I link to a Patreon in my videos that lets you pay a membership to download the full tabs in PDFs.
Here I was thinking AI might soon replace my painstakingly slow tab transcription efforts altogether. But I never thought about someone just ripping it from the video...
I'm curious how it works for videos that contain moving tab (as in, the playhead stays in the center while the tab moves behind it). Seems like that sort of tab wouldn't work with this approach...?
Kudos from one of the Soundslice guys — we've been making web-based tab and sheet music stuff since 2012. :)
I don't have an answer, but wanted to say that I started using Soundslice about 9 months ago and I absolutely love it. It does exactly the part of transcribing that I want done for me and nothing more, which is basically none of it except the boring stuff.
It wouldn't work for that type of video. As far as I've seen almost all tutorial videos on Youtube have a fixed tab bar though. I'm using it only for learning guitar (i'm a beginner).
Yes, for sure. You could probably train a specific vision model for this style of image parsing and run it on device for free.
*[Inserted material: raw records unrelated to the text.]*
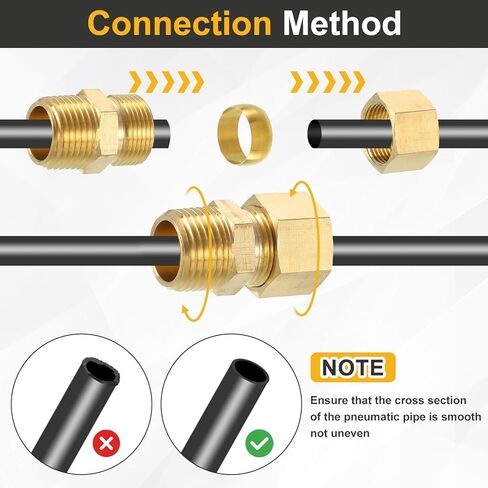 uxcell قطعتان من تركيب الأنابيب النحاسية، 1/4 بوصة OD x 1/2 بوصة NPT تركيب أنبوب ضغط نحاسي ذكر، موصل اتحاد ضغط النحاس، محول اقتران مستقيم نحاسي مناسب لأنابيب 1/4 بوصة in Kuwait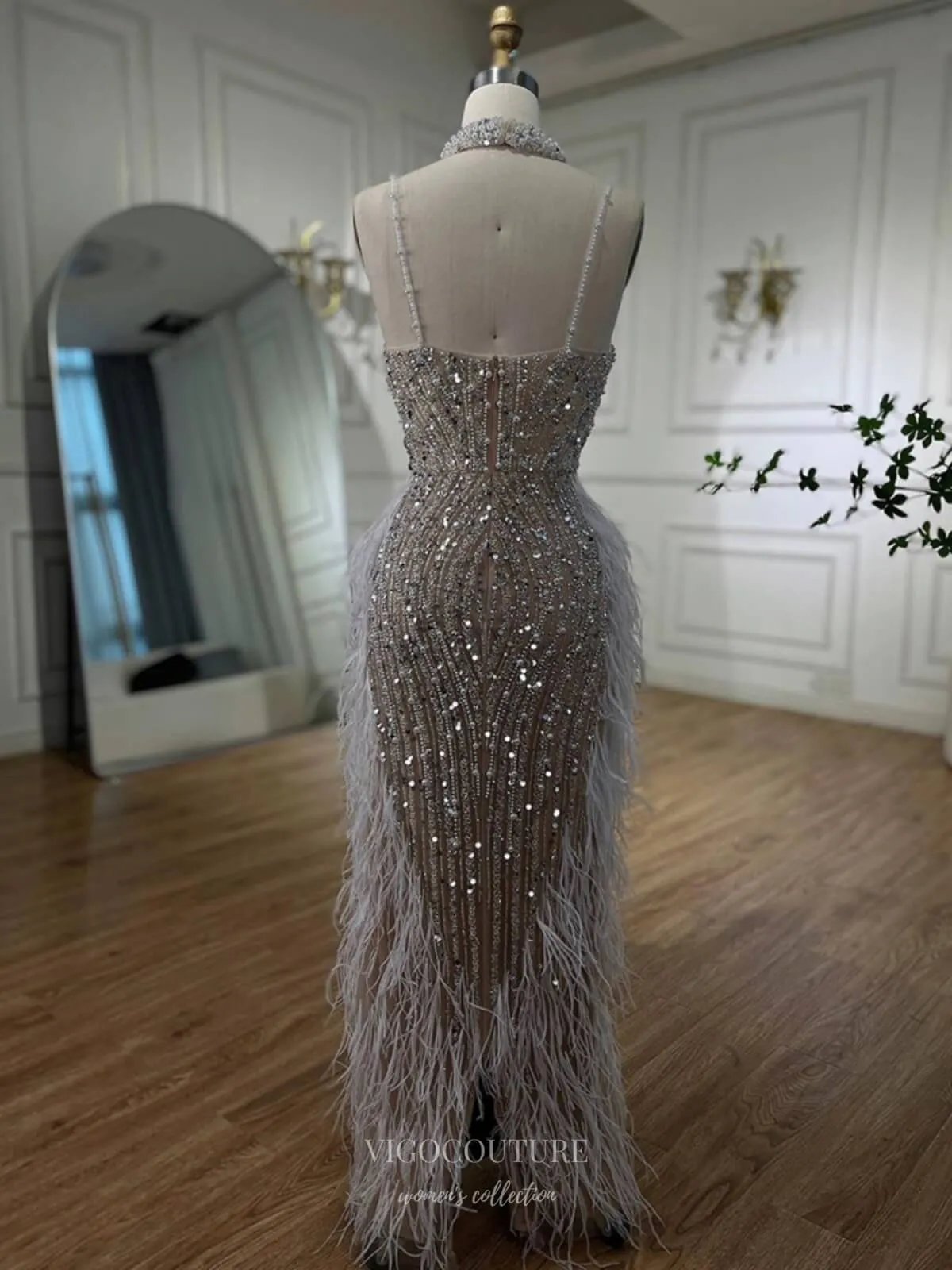 Beaded Feather Mermaid Pageant Dresses Spaghetti Strap Evening Dress 25027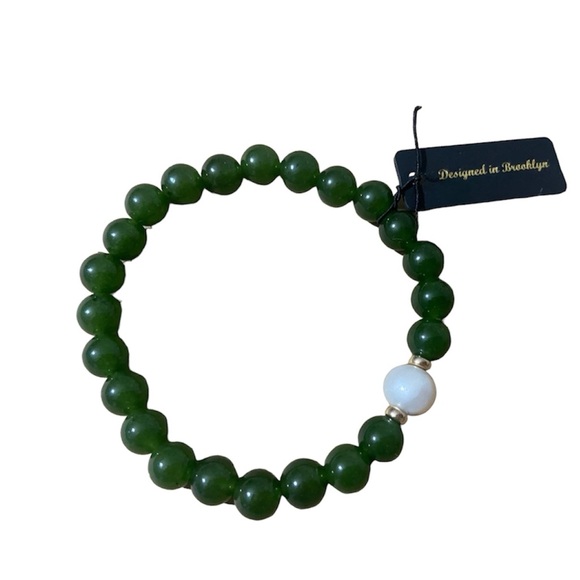 14k GOLD GENUINE STONE BRACELET - Picture 2 of 3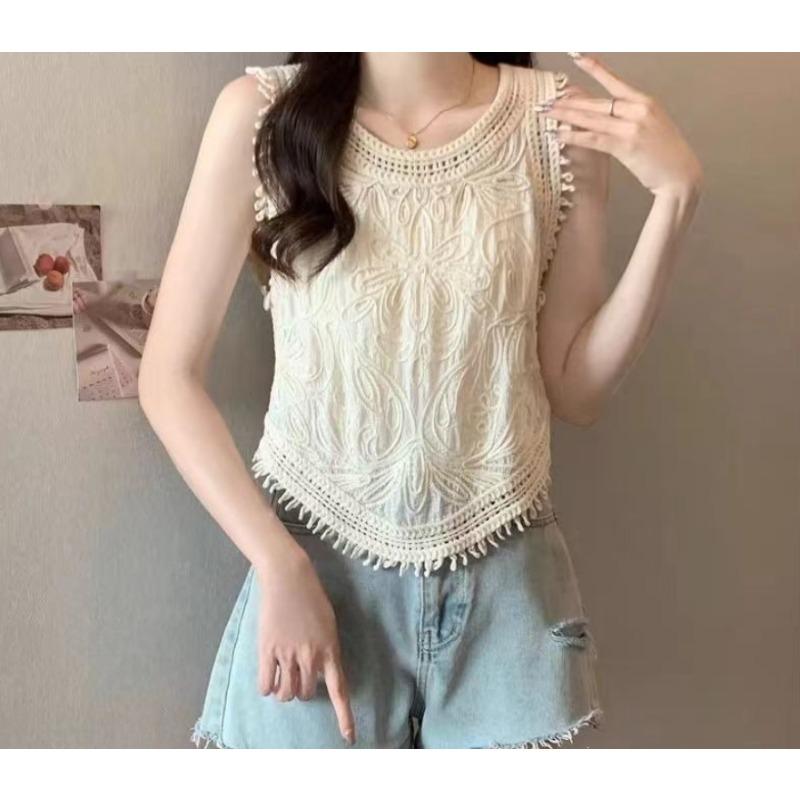 French Fringed Jacquard Knitted Vest Women's Summer Bohemian Style Outside Temperament Short Top Boho Romantic Waist Lifting Cropped Tank Top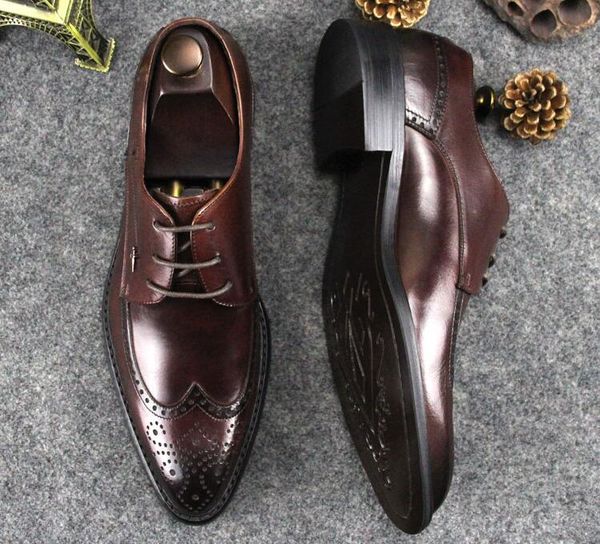 

carved brogue shoes men genuine leather pointed toes lace up breathable wedding dress shoes flats smart casual summer brogue, Black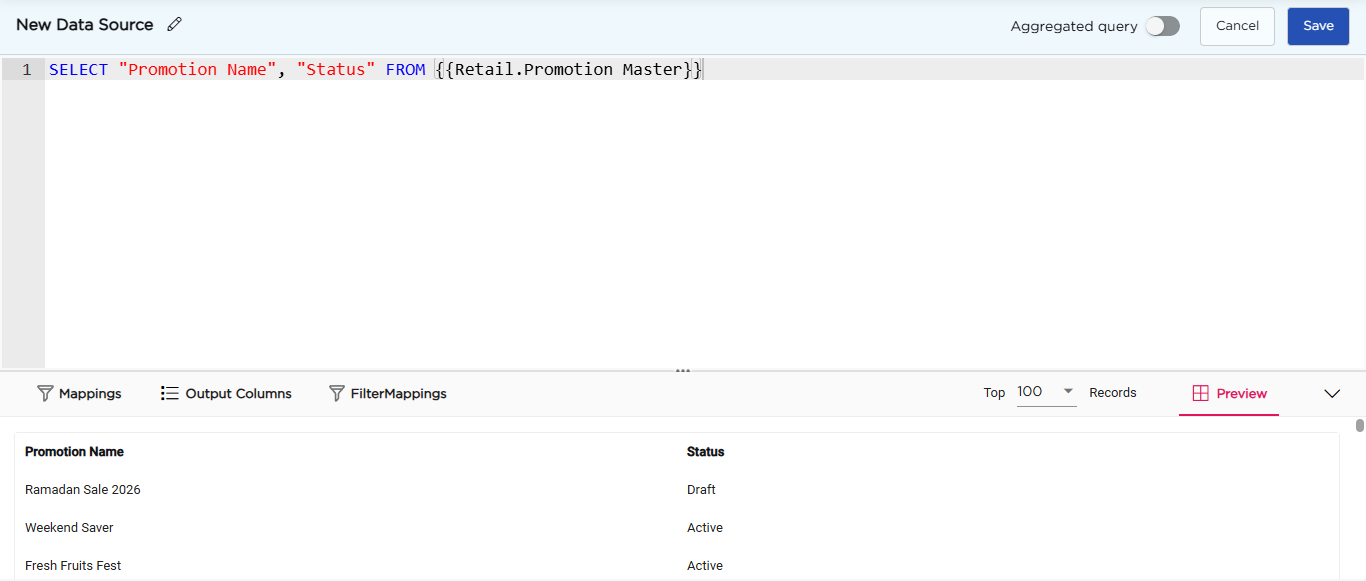 Preview tab showing the results of the query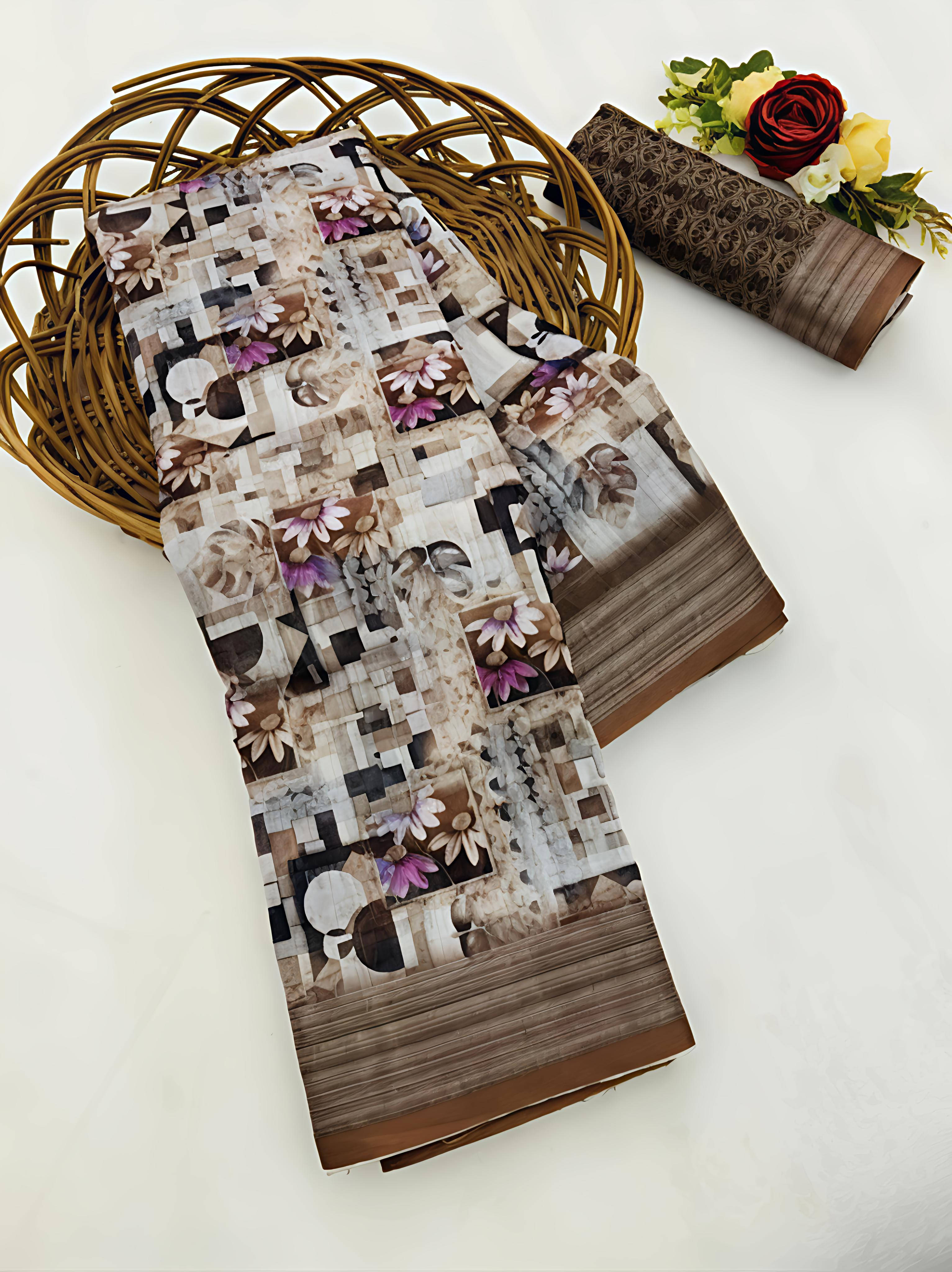     			Grubstaker Cotton Blend Printed Regular Saree With Unstitched Blouse Piece ( Brown )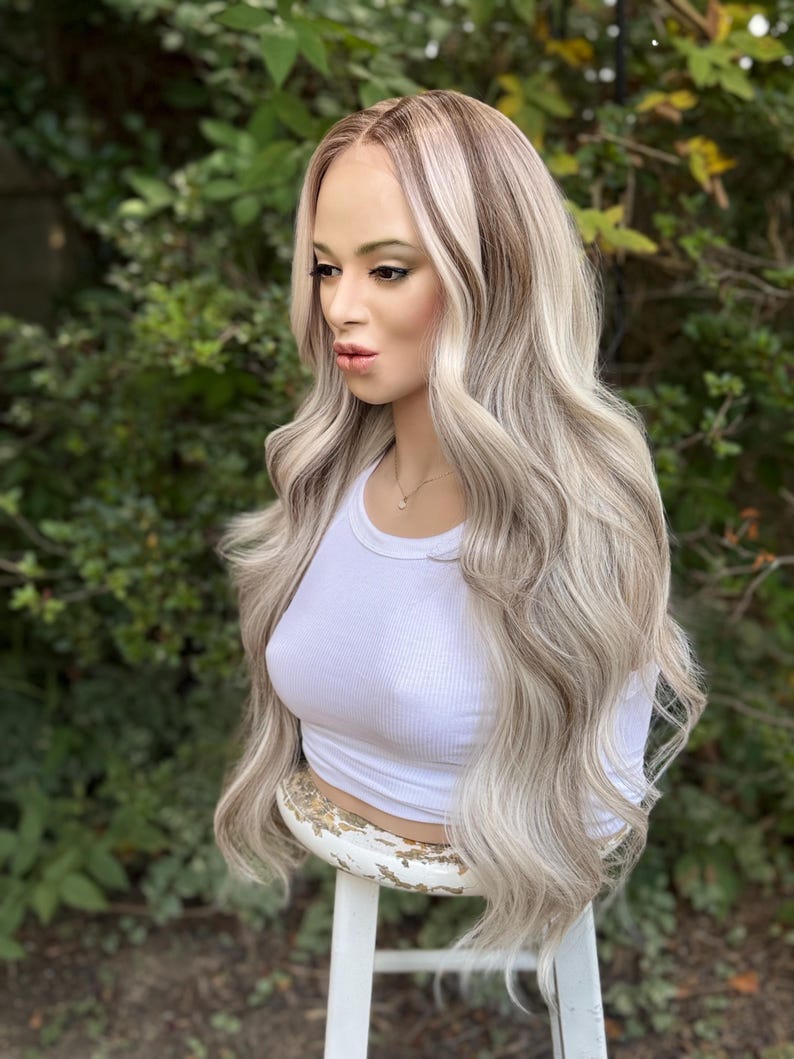IJsblonde rokerige balayage-pruik met kant, lang haar, gezichtskaderlagen, mengsel van echt haar, 24-26 inch afbeelding 6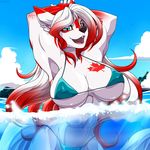  2015 anthro big_breasts bikini breasts canine clothing cloud cyan_eyes fox fur hair hands_behind_head hybrid lapres mammal maple_leaf multicolored_hair navel nipples open_mouth red_hair red_highlights swimsuit tattoo two_tone_hair water white_fur white_hair wolf 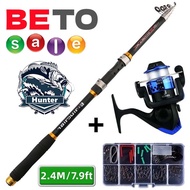 A01-Fishing Rod And Fishing Reel Set (2.4M/7.9ft) Complete Of Equipment With Line Ready To Use.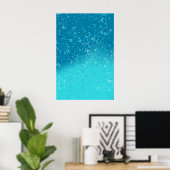 Minimalistische kunst: Gebroken ijs Poster (Thuiskantoor)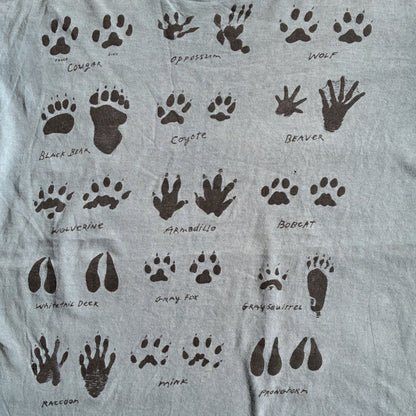 90s Tracks Of North American Animals アニマル 足跡 ONEITA USA製 L a-u-2505-022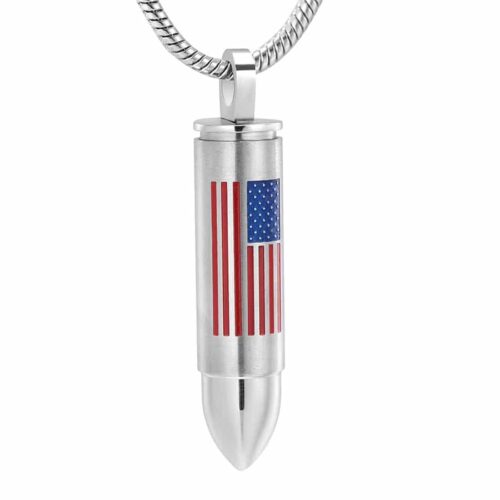 Silver bullet with American flag cremation memorial pendant, stainless steel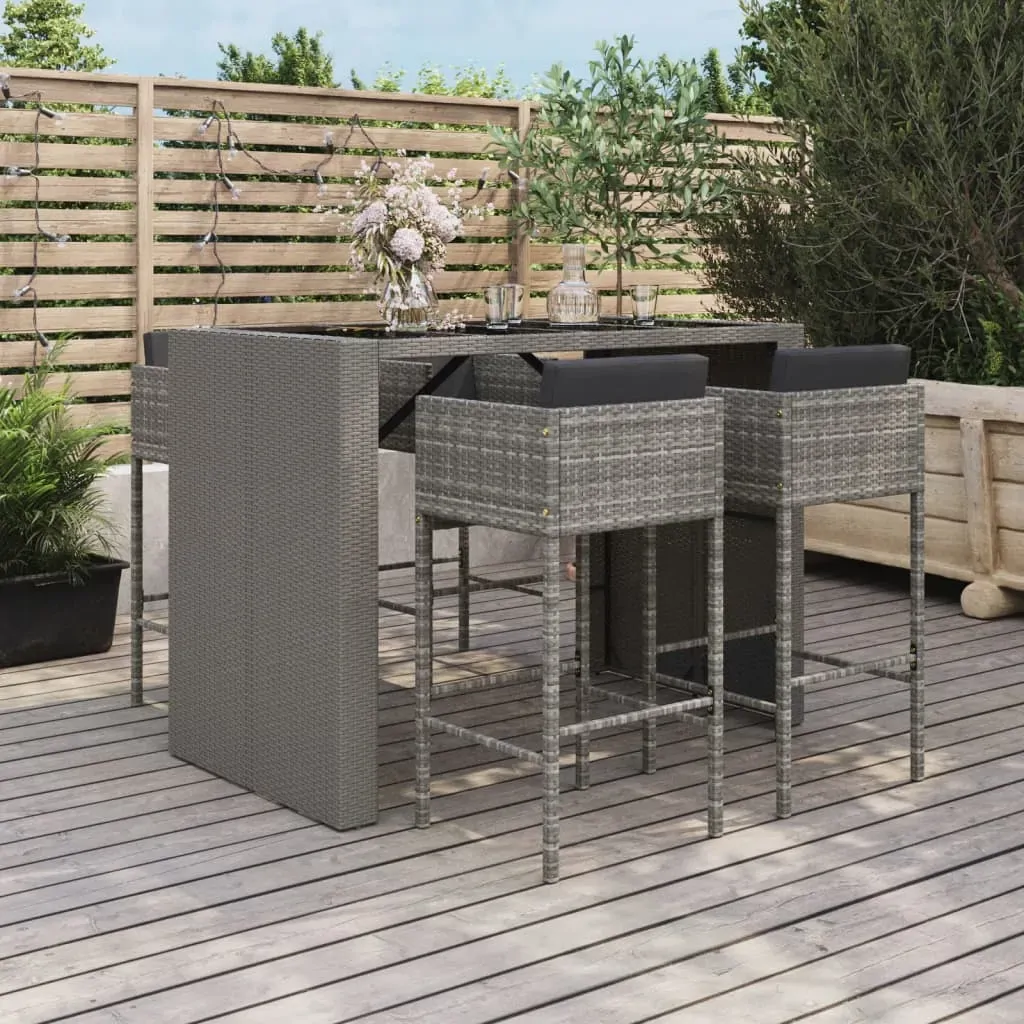 5 Piece Garden Bar Set with Cushions Grey Poly Rattan 5 Piece Garden Bar Set with Cushions Grey Poly Rattan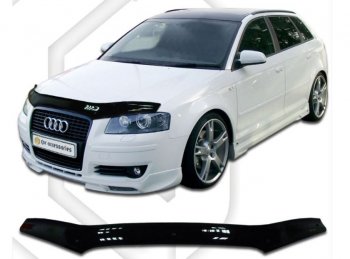 1 839 р. Дефлектор капота CA-Plastiс  Audi A3 ( 8P1 хэтчбэк 3 дв.,  8PA хэтчбэк 5 дв.) (2004-2008) 1-ый рестайлинг, 1-ый рестайлинг (Classic черный, Без надписи)  с доставкой в г. Новочеркасск. Увеличить фотографию 1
However, this was much easer to make :-)
I was excited to use it, as I really wanted something like this, then I realized it needs AI/Claude (?)
That sounds like it can get quite costly. Probably there are ways to do it without AI, I would rather manually annotate the tab area with a visual editor.
Manually select a rectangle on a video frame, then do basic computer vision to detect notes, or even a simple image processing algorithm to find the lines and notes.
As far as I know, there still isn’t a tool that can reliably produce usable transcriptions out of the box, although the results for solo piano can be reasonably good. A lack of high-quality labeled training data, especially for instruments other than piano, is probably part of the reason. But the problem is also more complicated than it might initially seem: you have to handle polyphony, overlapping harmonics, timing and articulation. And in the case of guitar tabs, it's even more complicated as one needs to determine what tuning is used (if not standard), which string and fret produced each note. Or separately rearrange the tab.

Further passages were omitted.